→ **Prompt**: Look through the listing below for the line with "Repositionable sticker stylized" and the line with "Black Ruched Mini Skirt". Copy both, along with every line between them, exactly and with no pictures.

→ **Entries shown**:
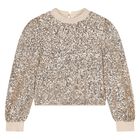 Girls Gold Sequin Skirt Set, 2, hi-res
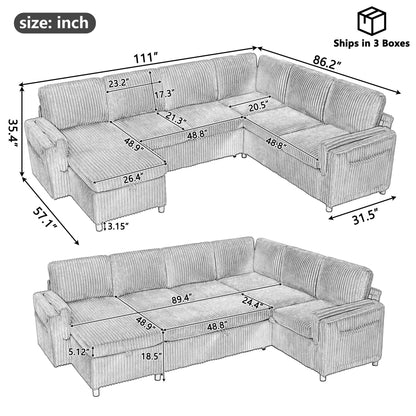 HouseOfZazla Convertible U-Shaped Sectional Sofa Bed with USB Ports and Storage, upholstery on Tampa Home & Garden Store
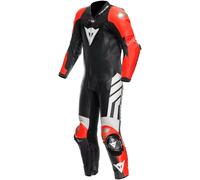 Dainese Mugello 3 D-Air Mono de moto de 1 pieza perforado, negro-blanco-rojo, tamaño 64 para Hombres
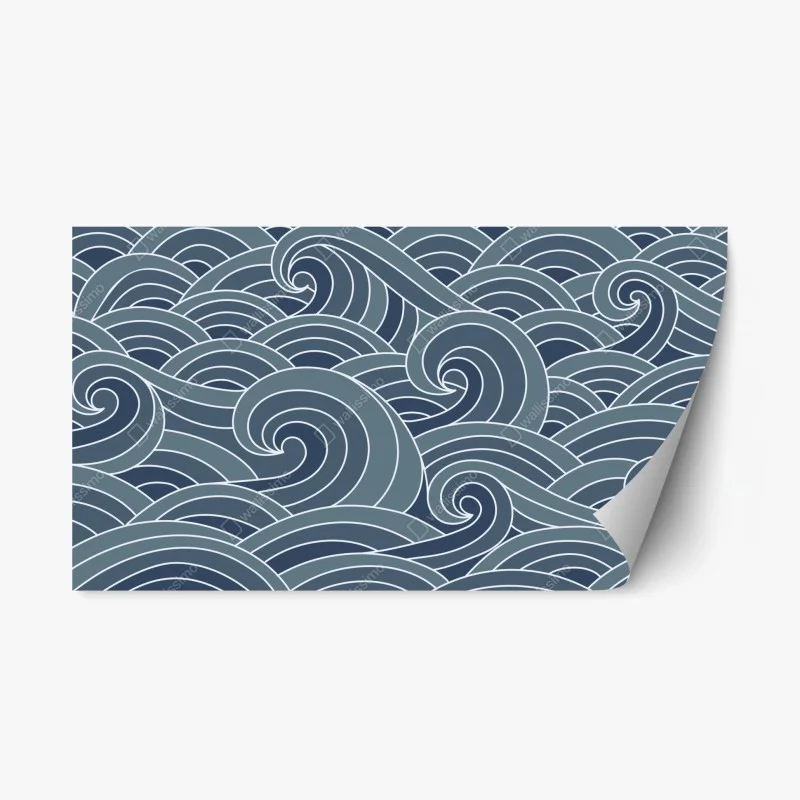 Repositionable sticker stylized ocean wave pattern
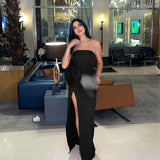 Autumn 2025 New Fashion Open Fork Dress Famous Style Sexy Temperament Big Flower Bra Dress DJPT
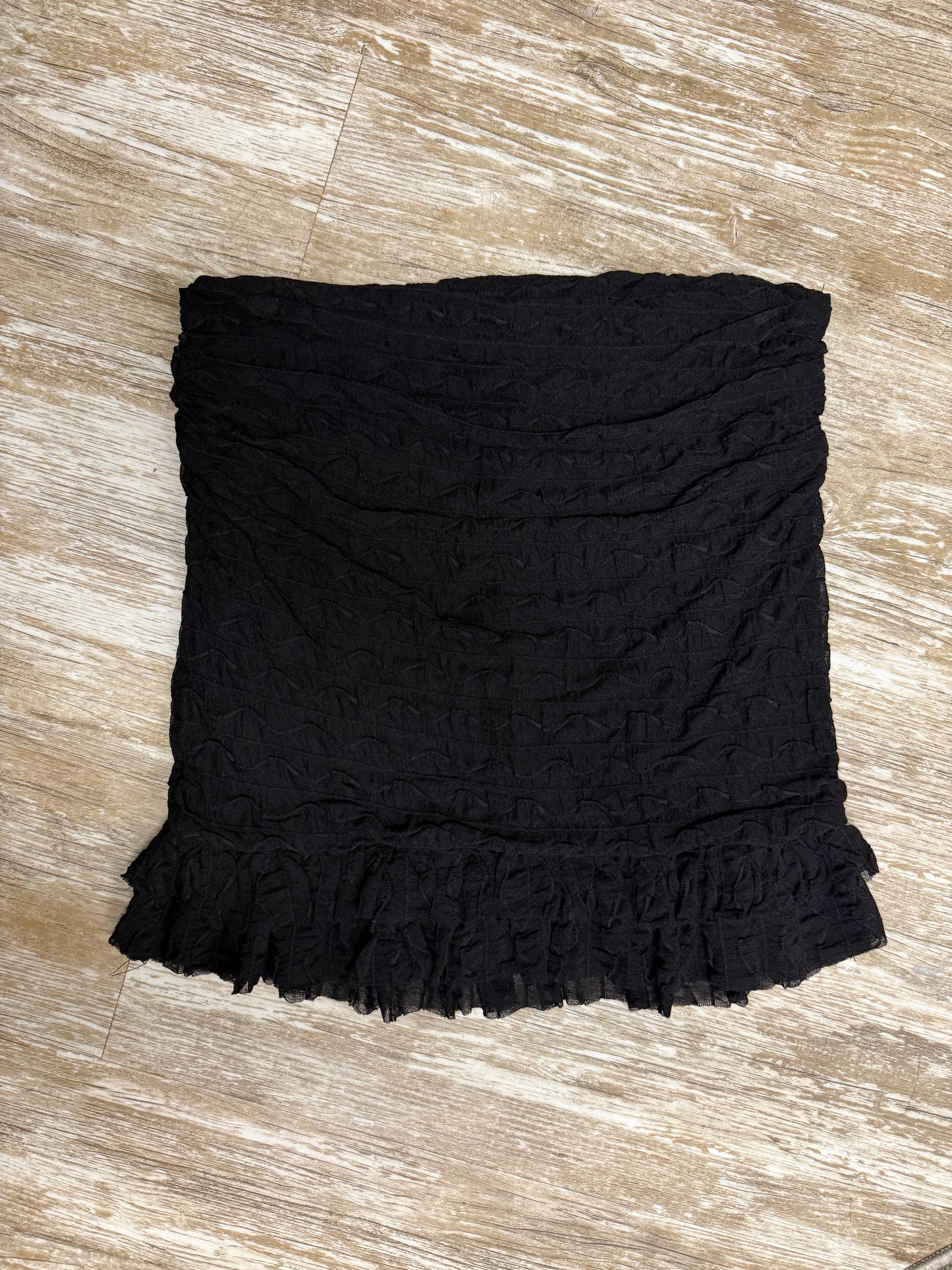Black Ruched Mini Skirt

--

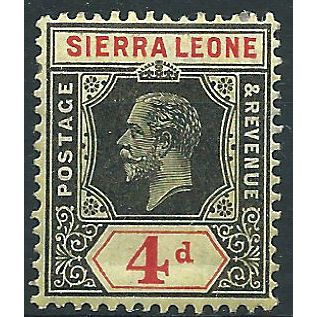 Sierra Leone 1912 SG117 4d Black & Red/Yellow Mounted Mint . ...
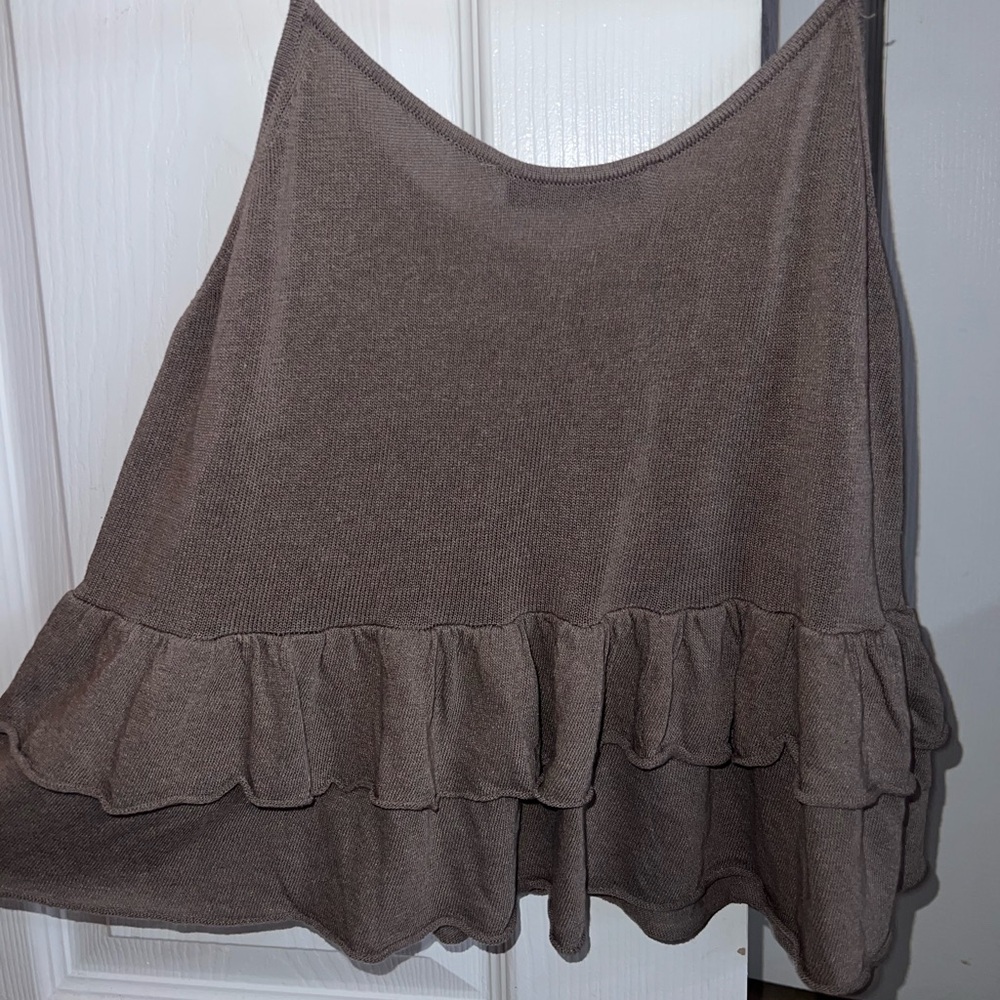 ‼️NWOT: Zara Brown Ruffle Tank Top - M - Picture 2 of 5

→ **Answer to this task**:
 Repositionable sticker stylized ocean wave pattern
 Autumn 2025 New Fashion Open Fork Dress Famous Style Sexy Temperament Big Flower Bra Dress DJPT
Black Ruched Mini Skirt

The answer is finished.